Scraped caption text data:

*** Block opens ***

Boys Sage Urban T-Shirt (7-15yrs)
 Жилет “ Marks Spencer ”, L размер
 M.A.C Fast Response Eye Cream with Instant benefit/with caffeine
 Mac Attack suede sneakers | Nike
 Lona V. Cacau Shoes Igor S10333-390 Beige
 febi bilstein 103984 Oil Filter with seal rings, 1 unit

*** Block closes ***

> [Work order]:
Beginning with the line that contains "Lona V. Cacau Shoes Igor S10333-390 Beige", set down every line through the end of the data without change.

> [Answer for the task]:
 Lona V. Cacau Shoes Igor S10333-390 Beige
 febi bilstein 103984 Oil Filter with seal rings, 1 unit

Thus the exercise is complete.